Of course, when you love someone and see a future with that person, you may feel like it is your debt — either because you want to help your partner get through it or because you plan to get married someday soon. But until that day comes, you are not responsible for any of it.
Your partner likely could use your emotional support in getting through it. Have you been there before? If so, maybe you can help answer questions your partner may have. Maybe you’ve never been there before. You still can be there for your partner by listening to him or her and maybe even giving a fresh perspective on the situation.
Walk in Your Partner’s Shoes
It’s easy to judge someone who has debt, even if we have it ourselves. But the quickest way to suspend judgement is to walk in that person’s shoes. Talk to your partner about how he or she got into debt. Maybe the bulk of it is student loans because his or her family couldn’t afford to help out with college tuition. Or, it could have been credit card debt that accumulated during a time of economic struggle. Then, there’s always the possibility that your partner simply made poor spending choices and is now paying the price.
No matter how it started, try to walk in your partner’s shoes as he or she tells you how it happened and how he or she is feeling now. Debt can cause a roller coaster of emotions from fear and anxiety to frustration and shame.
Don’t assume your partner doesn’t have a plan to get out of debt — ask first. If your partner does have a plan, then you two can still talk about it and see if it can be improved upon. If your partner is happy with the plan and the progress, then let it alone. Now all you have to do is be a mental and emotional support system.
If your partner doesn’t have a plan, don’t get upset. Maybe all he or she needed was someone to talk to about this. Now you two can really talk strategy together. What kind of debt is it and which should your partner pay off first? Is there a way your partner can earn extra money on the side or even search for a career that will pay more?
See How This Relates to Your Relationship
You’ve now hopefully come to understand how your partner feels and talked about his or her strategy to get out of debt. The next step is to evaluate what this means for your relationship right now. Think about the plans you’ve made. Were you going to take a vacation together soon? Does this still make sense to do right now? What if you were going to relocate to a different city, buy a house, or get married?
Come to an agreement on how these goals look now that you know about the debt and how long it will take to pay it off. Maybe you want to continue on the same time frame for your goals or maybe you think it’s best to put some of them on hold. Just make sure that the two of you are on the same page so neither one of you ends up feeling resentful.
Set It and Forget It
This one is going to sound much easier than it will be to do. Now that you’ve come to a mutual understanding about the debt and payoff strategies, don’t let this hang over your head like a black cloud. You’ve done all you can at this point and the most important thing moving forward is that you simply allow your relationship to move forward. Be open to discussions about it, but don’t let it dominate every conversation you two have.
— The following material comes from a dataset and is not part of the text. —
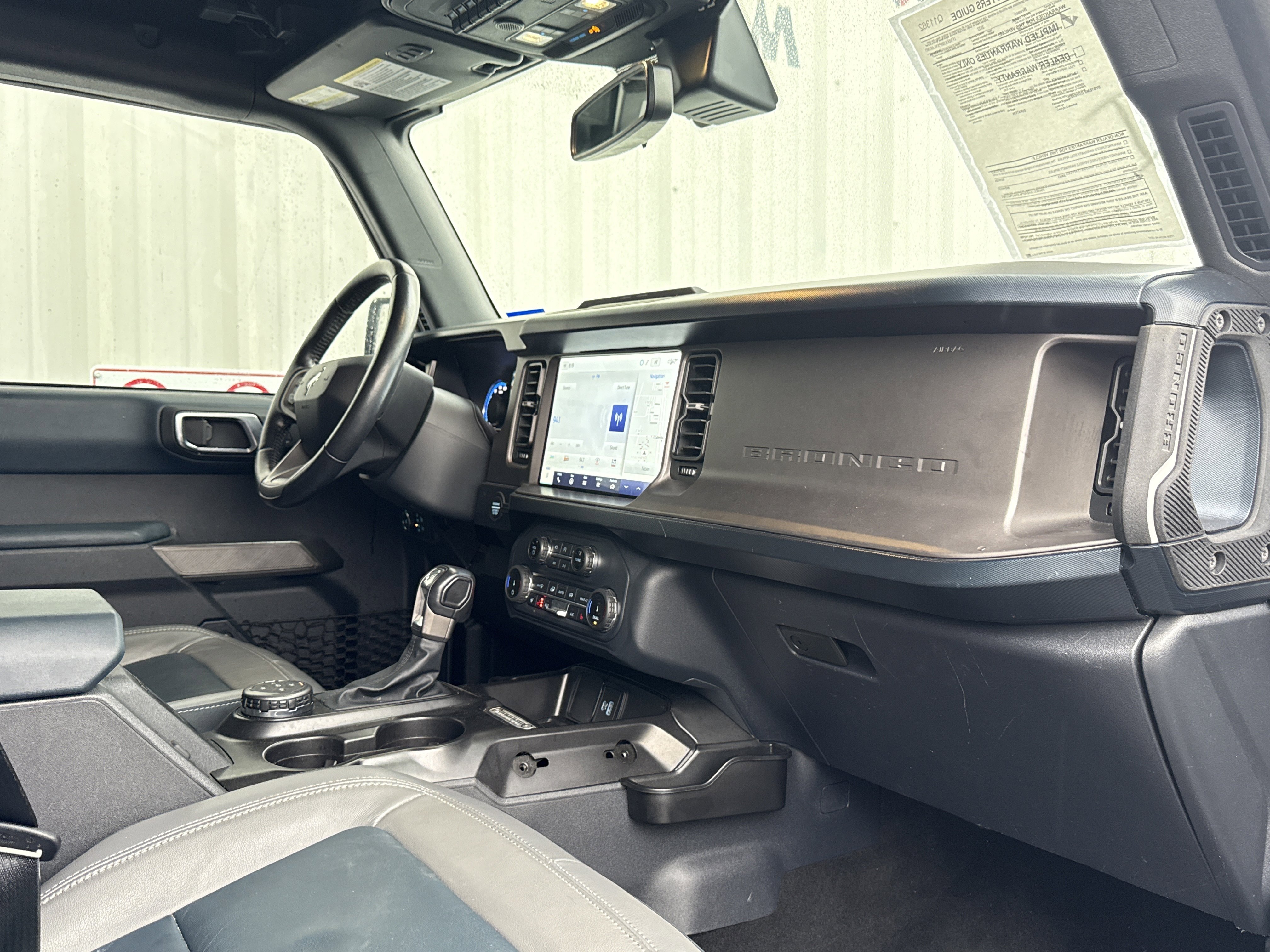 Used 2022 Ford Bronco Outer Banks image 31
Debt is scary, frustrating, and can slow down and even prevent goals and desires. If you’re debt-free and you just found out that your significant other is carrying debt, it’s natural to feel overwhelmed. However, if you follow these steps, then you two can come together and realize that debt is just another part of life that many people have to work through.
What’s important isn’t the problems you encounter in your relationship — it’s how you handle them together. So be honest with your significant other about how you feel.